So tomorrow my son will be officially 6 months old. I feel it's close enough to call it. The time has gone by so quickly. I never had a very small baby in the first place, but I do miss his smallerness. He's in clothes for 12 to 18 month olds. It's been such an interesting experience the whole parenthood thing. My little one is such a sweetheart. He gives me hope for future babies. I was always depressed about the idea of bringing life into this sad world. But now I see the joy that a child can bring.
He can sit up pretty well on his own now, and he is so close to crawling. He goes backwards at the moment. But I'm sure it will click soon. He has the sweetest laughter. I never knew that I liked babies. Now I am excited about the possibility of more.
I have been taking pregnancy tests regularly just in case. And as usual today, it was negative. Breastfeeding has kept my fertility away so far. And I think it's pretty neat. I wonder how much longer before my cycle returns or I get pregnant again. I hear that 14 months or more is pretty normal with the type of intensive breastfeeding I am doing. Honestly, I would be excited if hubby and I were expecting again. I pray that God would change my attitude about pregnancy itself though. I don't want to be a grump next time. I would like to have that enjoyment of pregnancy I hear so much about.
I think I have the lightheadedness under control now. As long as my weight is at least 126.5 pounds I feel well enough to exercise. It is pretty easy these days to let my weight dip below 125. I have to eat so much. But if I want to exercise then that's just what I have to do. Maybe it will get easier with time.

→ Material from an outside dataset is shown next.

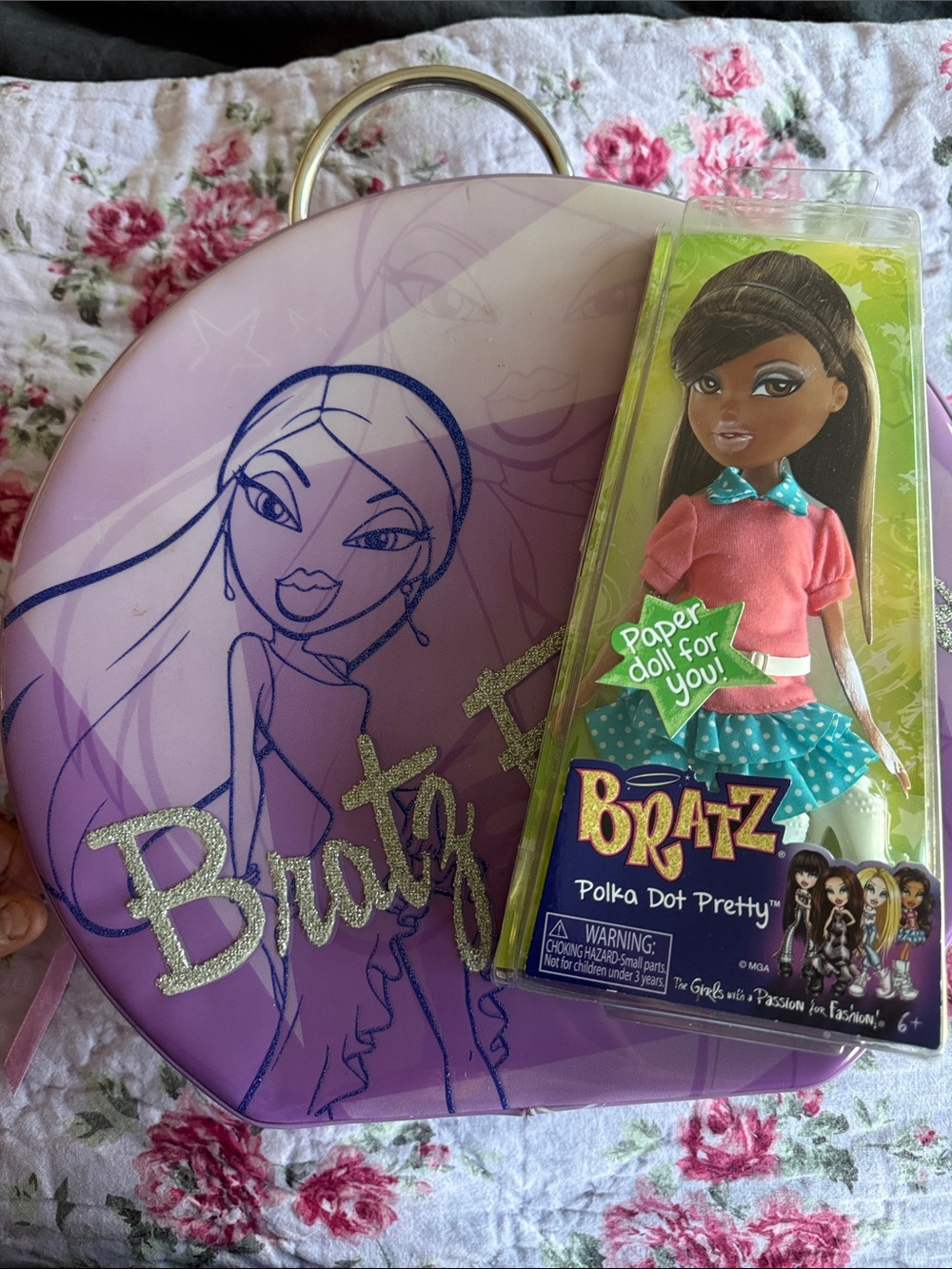 Bratz En Vogue Pink & Purple Carry Case with outfit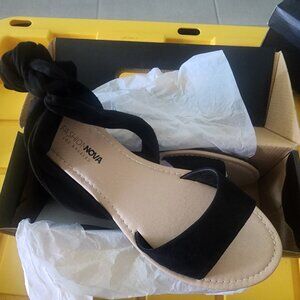 Fashion Nova lace up flats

It's hard some days getting used to all the changes in my body. I don't know yet how many changes are permanent and how many could go away with time. My belly is still wiggly. But on the bright side, it's not huge. It feels huge and looks huge to me. But it's not huge even if this was the belly of a woman who did not have a baby. I wonder how long it will be for the skin to finish tightening up if it ever will. The massive amount of stretch marks are fading just a little. They are still pretty pink. But I tend to take longer to heal then most others. I tend to scar easily too. I don't think I will look awful in a two piece bathing suit. But I definitely have the marks of motherhood one me. I don't like to think of them as battle scars. But rather, marks of AWESOMENESS. Because I am awesome. And I birthed an awesome baby. Even though my experience with my midwife was crap, that doesn't take away from how neato my body is.
I am in awe of the female body. How it can grow, birth and feed a baby. I have a whole other person who has grown entirely from me. Now that he is starting on some solids, it feels almost like the bird leaving the nest somewhat. It's sad and so cool at the same time. My son's middle name means beloved.
These days, I am working on improving my fitness when I can. I can handle a lot more than I could a few months ago. I am trying to eat a healthy diet too. I think of myself in a pre-conception period. If I think of it that way then I will be more concious of my own health. I have gone six months breastfeeding without the use of any formula. And I have a cute chunky baby and the absence of aunt flo to show for it. Kinda neat.